Input data:
....................

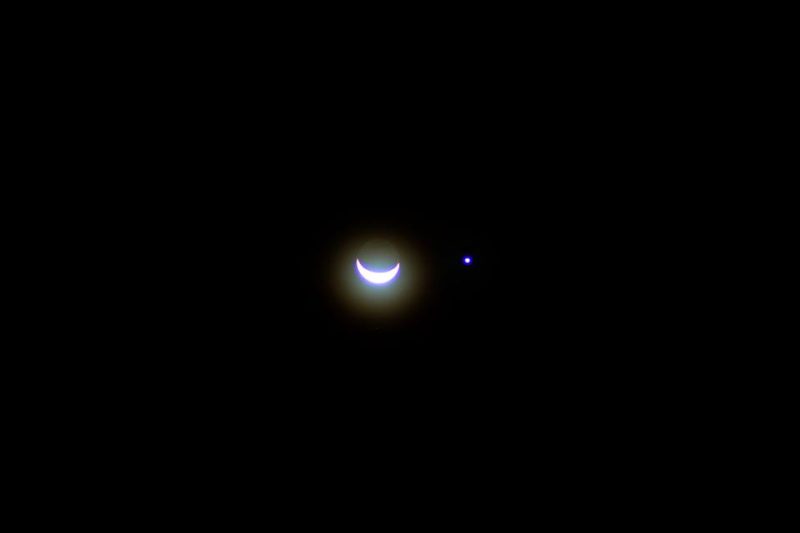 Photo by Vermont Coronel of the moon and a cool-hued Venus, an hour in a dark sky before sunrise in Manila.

....................

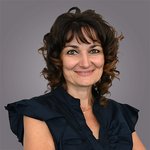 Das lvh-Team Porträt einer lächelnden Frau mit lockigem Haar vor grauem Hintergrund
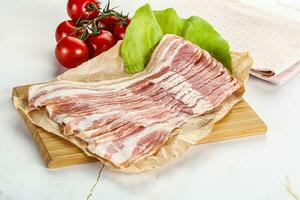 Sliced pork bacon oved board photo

....................

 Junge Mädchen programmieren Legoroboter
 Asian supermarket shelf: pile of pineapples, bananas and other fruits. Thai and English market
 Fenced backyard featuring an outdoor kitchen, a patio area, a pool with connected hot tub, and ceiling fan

....................

How to complete this task: Look back at the entries above and repeat, unchanged, every line from the line holding "Asian supermarket shelf: pile" through the line holding "Fenced backyard featuring".

Worked solution:
 Asian supermarket shelf: pile of pineapples, bananas and other fruits. Thai and English market
 Fenced backyard featuring an outdoor kitchen, a patio area, a pool with connected hot tub, and ceiling fan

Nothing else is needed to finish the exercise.